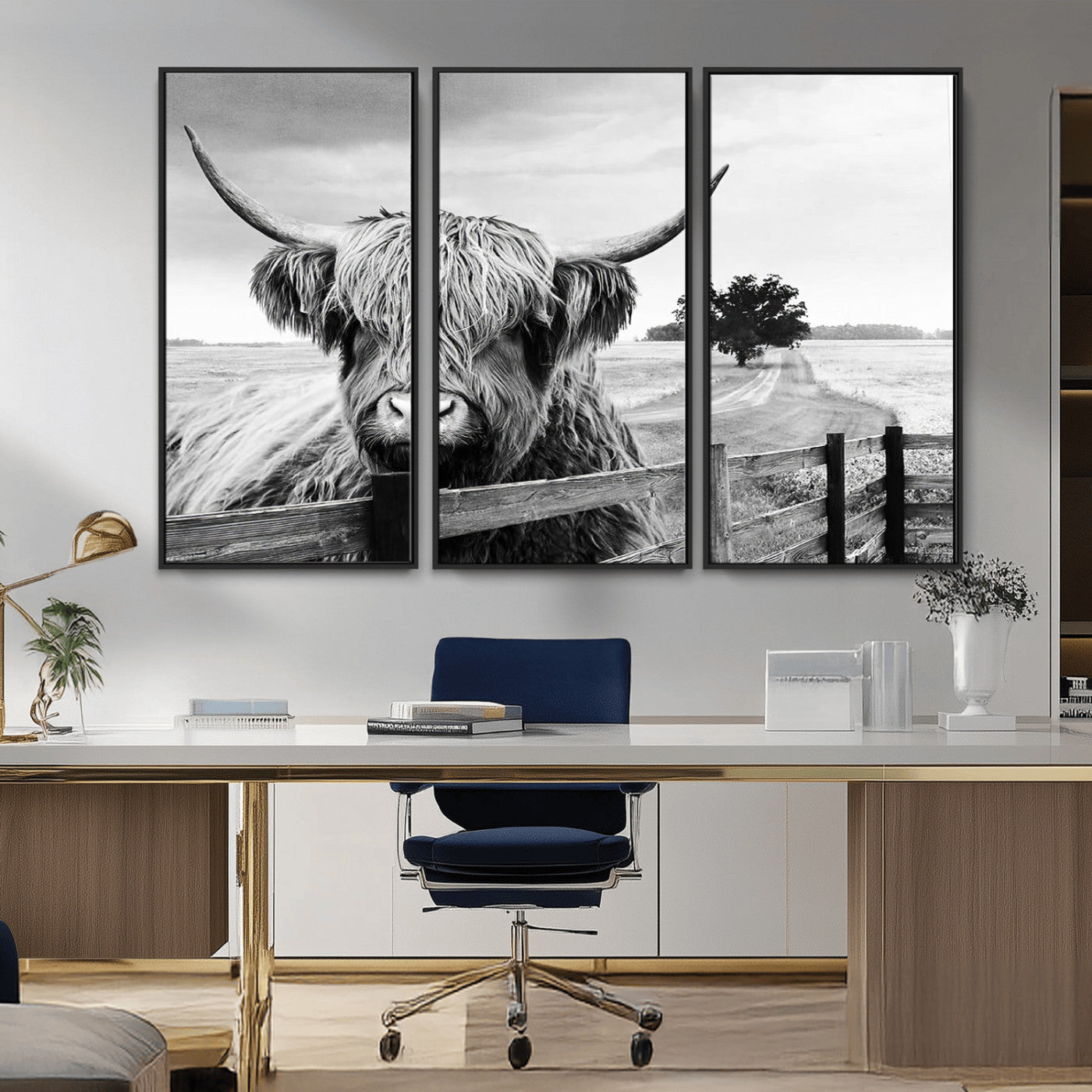 MGV-FC-48X32-3P - Scottish Highland Cow Wall Art | Rustic Farmhouse Décor | Black and White Ready to Hang Canvas Print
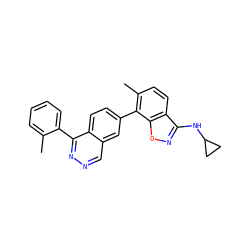 Cc1ccccc1-c1nncc2cc(-c3c(C)ccc4c(NC5CC5)noc34)ccc12 ZINC000040431185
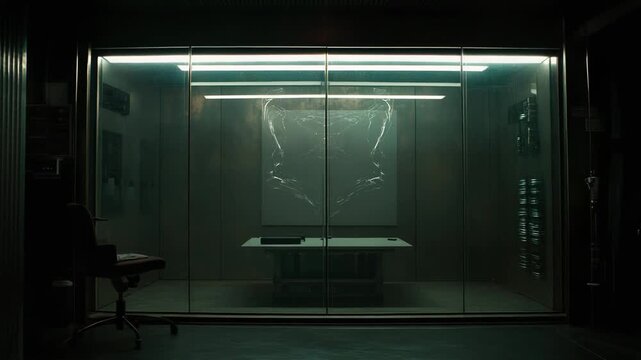 Empty and dark modern science lab with an isolated glass examination room featuring a table. Chair. And intricate abstract pattern on the back wall. Suggesting advanced research or medical procedures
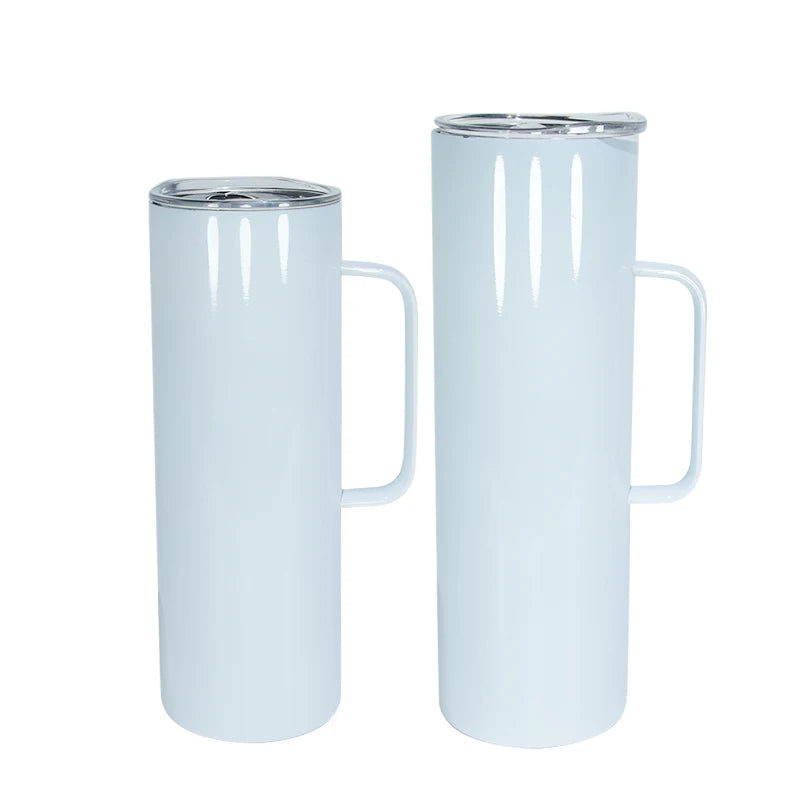 20oz 30oz Straight Sublimation Blanks Stainless Steel Tumbler Double Wall Coffee Mug Straight Skinny Tumbler With Handle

** Prompt **
From the line with "Empty and dark" through the end of the listing, write out every line exactly, leaving out the pictures.

** Solution for this task **
 Empty and dark modern science lab with an isolated glass examination room featuring a table. Chair. And intricate abstract pattern on the back wall. Suggesting advanced research or medical procedures
 20oz 30oz Straight Sublimation Blanks Stainless Steel Tumbler Double Wall Coffee Mug Straight Skinny Tumbler With Handle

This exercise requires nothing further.